By Blenda Copeland
Some were asking: why would the Russell County Commission approve an unbudgeted expense of up to $7,000 for a study on land that’s mostly controlled by the federal government?
And where is the commission going to pull the money from?
The questions popped up when the commission approved a request from James McGill, director of special projects for the Phenix City-Russell County Chamber of Commerce.
McGill was briefing the commission on the status of a proposed west gate entrance to Fort Benning.
“We’re building a brand new route,” McGill said in an interview after the meeting. The west gate bridge would be different from Fort Mitchell’s existing back entrance to Fort Benning from Highway 165.
The route McGill was referencing would extend from County Road 24 northeast to the Eddy Bridge – an approximate distance of about two miles or less. It would be in the vicinity of the next intersection after the intersection that’s near Rainbow Foods in Fort Mitchell.
The project is one McGill’s been working on since November 2005. But talk of the project dates back seven years, he said.
McGill said in order to move forward, three major steps were required: first, get permission to enter that area, because most of it is federally-controlled land. That step was completed in January. The second step was to get the commission to approve spending up to an estimated $7,000 on a corridor location study. McGill said the county hasn’t had to do one of those since the ‘70s because most of today’s projects are on roads that have already had such studies done. The deadline on that step was the end of March. The third step is having an Environmental Assessment/or Environmental Impact Study (EIS), whichever is required. Those kinds of studies address existing issues and impacts that roadwork could have on habitats of red cockaded woodpeckers, tortoises and other such populations--if any--and other environmental factors.

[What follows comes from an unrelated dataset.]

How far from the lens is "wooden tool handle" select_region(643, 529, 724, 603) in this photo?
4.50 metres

Such a study’s timeline could span about 90 days or longer.
Along the way, all steps of the process are subject to review and approval by Fort Benning/federal officials.

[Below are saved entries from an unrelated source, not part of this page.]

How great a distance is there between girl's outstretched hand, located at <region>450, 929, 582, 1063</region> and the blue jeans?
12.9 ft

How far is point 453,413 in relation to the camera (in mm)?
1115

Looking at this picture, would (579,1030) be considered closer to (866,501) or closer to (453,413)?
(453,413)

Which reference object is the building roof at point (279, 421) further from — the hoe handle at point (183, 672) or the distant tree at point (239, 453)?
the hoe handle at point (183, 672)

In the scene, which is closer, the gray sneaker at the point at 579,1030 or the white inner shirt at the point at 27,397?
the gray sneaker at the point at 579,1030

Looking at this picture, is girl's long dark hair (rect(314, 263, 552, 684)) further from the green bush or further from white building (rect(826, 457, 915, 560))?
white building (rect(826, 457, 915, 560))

McGill said there’s no guarantee federal officials will approve the project. But if they do approve it, commissioners could expect an additional waiting period of 18-28 months.
The tradeoffs for the county are: increased traffic safety where some of Fort Mitchell’s newest subdivisions are clustered, a corridor that could enhance growth and development, and a direct route to Fort Benning from that part of the county.
The majority of commissioners supported the west gate project. The lone opposing voice was Commissioner Gentry Lee’s. He said since the west gate would be on mostly federally-controlled land, he’d rather give first preference to other local roads and projects. “I can’t put it (the west gate project) over some of the other things that we need to do,” he said.
All commissioners except Lee voted in favor of spending the money. One commissioner asked County Administrator LeAnn Horne a question before casting a vote. The commissioner wanted to know if the county’s budget could accommodate the unbudgeted $7,000 request. Horne replied, “I’ll do my best.”